The test for permission to appeal

[9] The law specifies the only grounds of appeal of a General Division decision.Footnote 1 These reviewable errors are the following:

  1. 1. The General Division hearing process wasn’t fair in some way.
  2. 2. The General Division didn’t decide an issue it should have decided. Or, it decided something it didn’t have the power to decide.
  3. 3. The General Division based its decision on an important error of fact.
  4. 4. The General Division made an error of law when making its decision.

[10] An application for permission to appeal is a preliminary step to a hearing on the merits. It is an initial hurdle for the Claimant to meet, but it is lower than the one that must be met on the hearing of the appeal on the merits. At the permission to appeal stage, the Claimant doesn’t have to prove his case but must establish that his appeal has a reasonable chance of success. In other words, that there is arguably some reviewable error based on which the appeal might succeed.

[11] I will grant permission to appeal if I am satisfied that at least one of the Claimant’s stated grounds of appeal gives the appeal a reasonable chance of success.

I am not granting the Claimant permission to appeal

[12] The Claimant says the General Division didn’t consider that his employer never told him that the late payment of his vacation pay would affect his Employment Insurance benefits. He says that if he had known, he would not have allowed his employer to do that and would have asked it to pay his vacation pay in his last pay week before issuing the Record of Employment.
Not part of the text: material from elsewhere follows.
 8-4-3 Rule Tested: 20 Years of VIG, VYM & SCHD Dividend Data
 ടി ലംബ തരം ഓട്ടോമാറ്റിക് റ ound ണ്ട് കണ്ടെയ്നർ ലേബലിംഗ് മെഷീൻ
[13] As the General Division decided, the money the Claimant received is earnings. There is a sufficient connection between the amount received and the Claimant’s employment. The Federal Court of Appeal has maintained that this type of payment is earnings.Footnote 2

[14] The money the Claimant received had to be allocated under section 36(9) of the Employment Insurance Regulations (EI Regulations) because it was paid or payable by reason of the separation.

[15] The Federal Court of Appeal has reiterated that a payment made under section 36(9) of the EI Regulations covers “any part of the earnings that becomes due and payable at the time of termination of the contract of employment and the commencement of unemployment.”

[16] The Federal Court of Appeal has also determined that the allocation has to be made under section 36(9), regardless of when the earnings are said to be paid or payable.Footnote 3

[17] So, the General Division didn’t make any errors when it found that the earnings received had to be allocated from March 31, 2024, to June 29, 2024, that is, the week the Claimant stopped working, at $969.29 per week.

[18] The Claimant says he should not bear the consequences of not being informed by his employer. He says he would have acted differently had he known the consequences of the delay in paying his vacation pay.

[19] It has been clearly established that a claimant who receives money they are not entitled to is not excused from having to repay it.Footnote 4 I also have to reiterate that the Tribunal doesn’t have the authority to compensate for the harm the Claimant alleges to have suffered, even if the Tribunal finds that his employer misinformed him. That is a matter for another forum.Footnote 5

[20] After reviewing the appeal file, the General Division decision, and the arguments supporting the application for permission to appeal, I find that the appeal has no reasonable chance of success. The Claimant hasn’t raised any issue that could justify setting aside the decision under review.

Conclusion

[21] Permission to appeal is refused. The appeal won’t be going ahead.